AlpacaEval reports a Pearson correlation of 0.94 between GPT-4 evaluations and human annotations, indicating high reliability. The authors also analyze evaluation costs, showing that automatic evaluation greatly reduces both the monetary and time costs compared with manual annotation.

Following AlpacaEval, OMGEval uses Text-Davinci-003 outputs as the baseline and GPT-4 as the evaluator to decide which output is better, and to compute win rates and standard deviations.
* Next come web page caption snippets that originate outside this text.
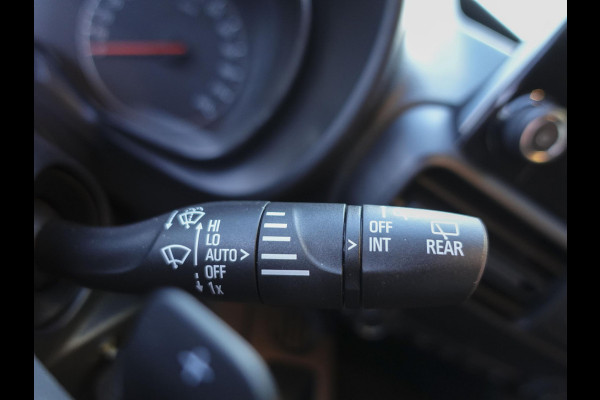 Opel Combo 130pk L1H1 Automaat Sport-Edition Airco Navi Parkeersensoren Trekhaak Cruise control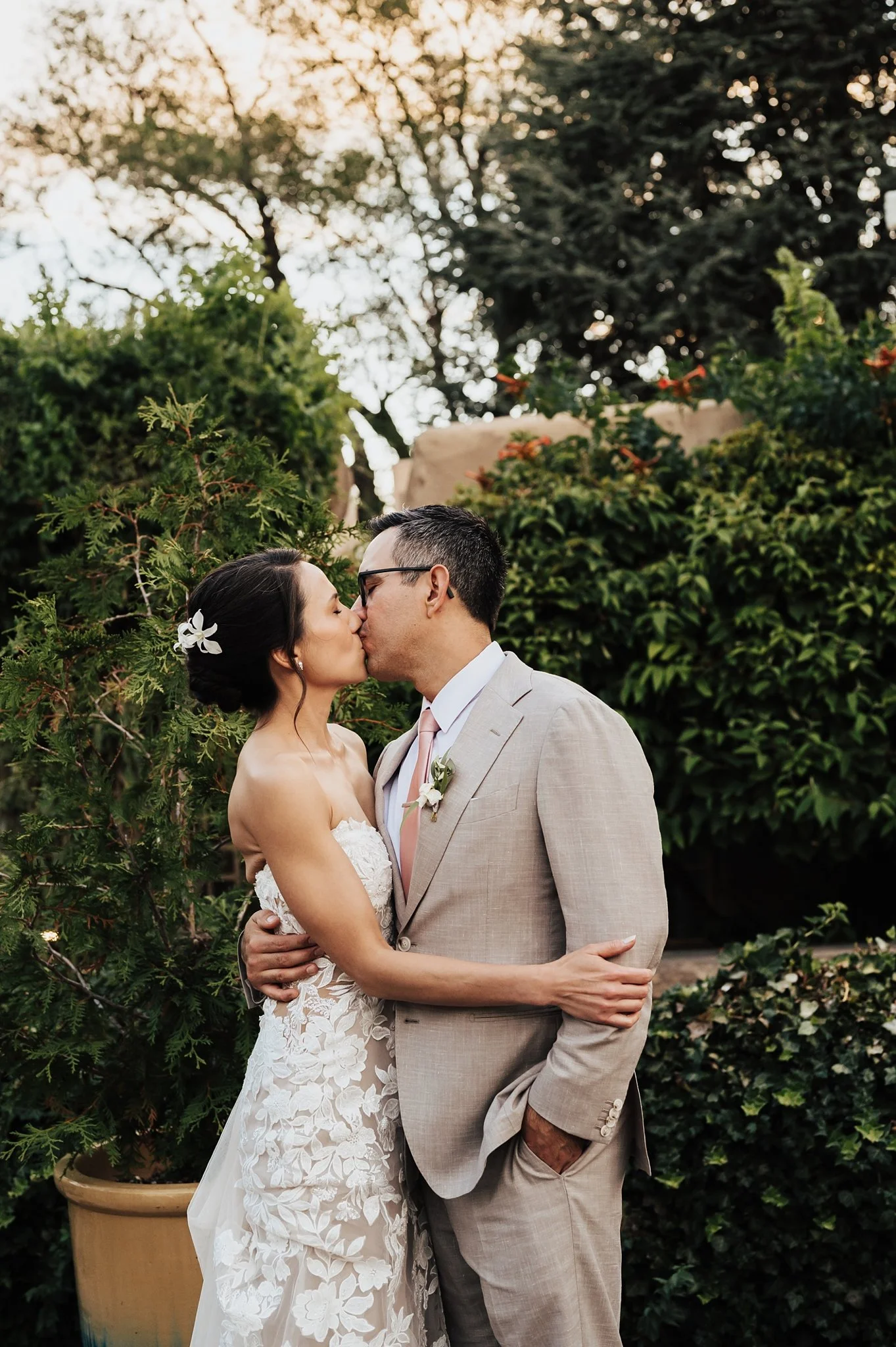 Alicia+lucia+photography+-+la+posada+wedding+-+santa+fe+plaza+-+santa+fe+wedding_0130.jpg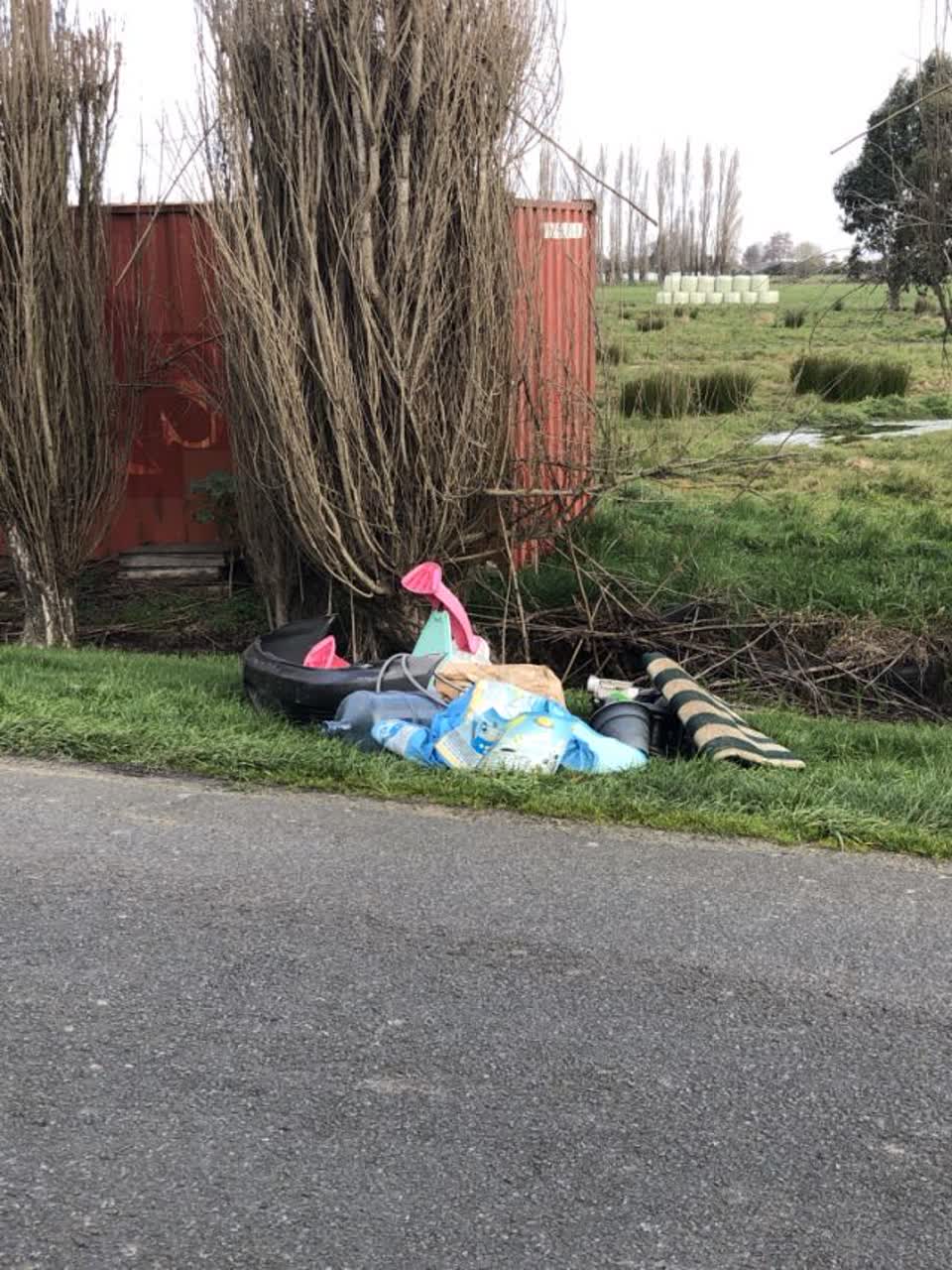 The photograph attached to this rubbish/recycling report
To ensure that evaluated models produce Chinese outputs for OMGEval prompts, Chinese was used in the prompts to the models. The GPT-4 evaluation prompt was adjusted accordingly.

Evaluation Results

Using Text-Davinci-003 as the baseline and GPT-4 as the evaluator, evaluation leaderboards were produced. Separate evaluation was also conducted on 239 localized prompts to assess model performance on content involving Chinese cultural elements. For example, ChatGPT scored lower on the localized subset compared with the full prompt set.

References

Liang P, Bommasani R, Lee T, et al. Holistic evaluation of language models. arXiv preprint arXiv:2211.09110, 2022.
Hendrycks D, Burns C, Basart S, et al. Measuring massive multitask language understanding. arXiv preprint arXiv:2009.03300, 2020.
Zhang X, Li C, Zong Y, et al. Evaluating the Performance of Large Language Models on GAOKAO Benchmark. arXiv preprint arXiv:2305.12474, 2023.
Huang Y, Bai Y, Zhu Z, et al. C-eval: A multi-level multi-discipline Chinese evaluation suite for foundation models. arXiv preprint arXiv:2305.08322, 2023.
Dubois Y, Li X, Taori R, et al. Alpafarm: A simulation framework for methods that learn from human feedback. arXiv preprint arXiv:2305.14387, 2023.
Xu L, Li A, Zhu L, et al. SuperCLUE: A Comprehensive Chinese Large Language Model Benchmark. arXiv preprint arXiv:2307.15020, 2023.